Classifying Students

Warning! Politically incorrect message follows!

School begins in less than a week, and all the usual teacher stuff is happening. Department meetings are taking place this week to tell us at the last second that we have to change what we planned for the semester. Copiers are breaking down. Software for online courses is seizing up. Just the usual stuff. I've been at this game for a long time and I know who I'll be meeting this coming Monday. My students break down into several categories that are very obvious from the first week or so.

Top Students
Motivated, well prepared, eager to learn and able to write from day one. These students are often frustrated by my classes because the assignments and the lectures really are below them. Some of them write better than I do.
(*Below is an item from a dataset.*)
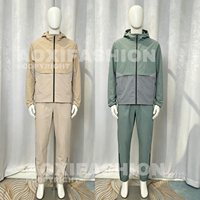 Ensemble de sport deux pièces en nylon personnalisé pour homme : survêtement respirant avec veste à capuche zippée et pantalon de jogging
Bottom of the heap and see no hope
Students walk in and announce, "I can't write, and I never could. No force on earth can turn me into a person who can understand a written page or write something that makes sense." I think some of these people have been mistreated by previous teachers, and now they are making excuses for the lack of effort they will show during the semester. Until this kind of person loses this attitude, there's not much I can do.

Bottom of the heap and arrogant about it
These people come in several flavors:

  • "This class is a waste of time because I'll never write anything anyhow." These students don't understand the realities of the modern business world, but they are probably right about never writing anything again—though they will have to learn to say the phrase, "Would you like fries with that?"
  • "I learned it differently in high school (or somewhere else), so the whole English department is wrong." Let me ask you a gentle question: who is likely to know more—someone who remembers what was said to a class of 14-year-olds by a teacher with a bachelor's degree in general education, or a college lecturer with a master's or doctorate in English composition?
  • "My brand of English is the only right one, so most of what you are telling me is wrong." Whatever you speak—white Kentucky rural, black inner-city, or California surfer—is the only legitimate English? And the people who run businesses and colleges (and give out the money and power) are all wrong? Amazing! Good luck!
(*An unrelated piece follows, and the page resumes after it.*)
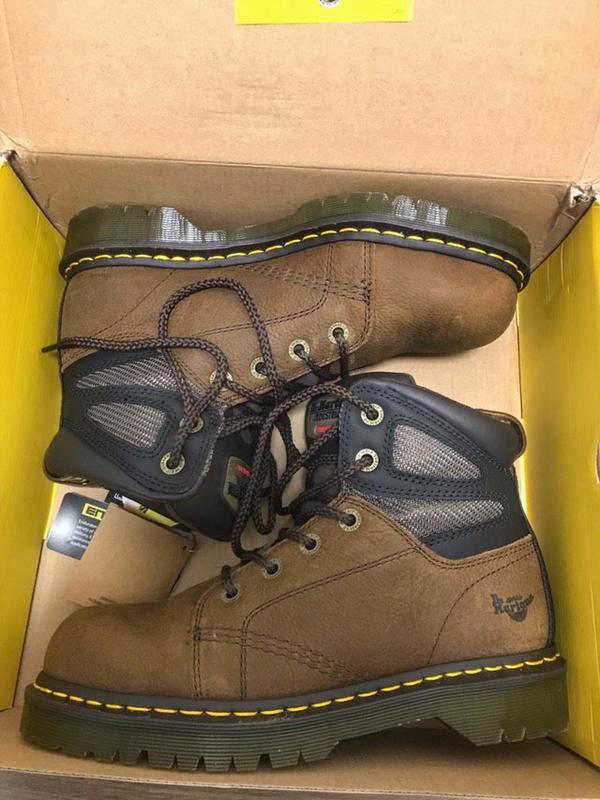 dr martens fairleigh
Most of my students are in the middle
Kind of OK about writing and grammar and all that. Kind of frightened. Not too sure about how to proceed. This is the easiest group to teach, so most of what I do is aimed here.

What you can do

Top Students: Don't tune out. Stretch yourself. Ask the teacher for permission to do things that might be beyond the basic assignment. Have fun with English composition.

Desperate and frightened: Spend a lot of time with people in the writing lab. Talk to your English teacher about your fears. Don't give up on yourself or take failure as part of your essential identity.

Arrogant: Lose the attitude. College is a waste of time for you if you didn't come here to be changed into something different and better. There's really nothing I can teach you if you're fighting every inch of the way. (By the way, you'll probably fail the course because doing the assignments right and on-time just won't be your thing.)

The ones in the middle: Sometimes you need to pretend you're in the top group: write imaginative stuff, have fun with the assignments, and ask for more intensive work. Sometimes you need to pretend you're in the "Desperate and frightened" group: visit the writing lab and learn to trust in your own abilities. Aim at getting really good at writing.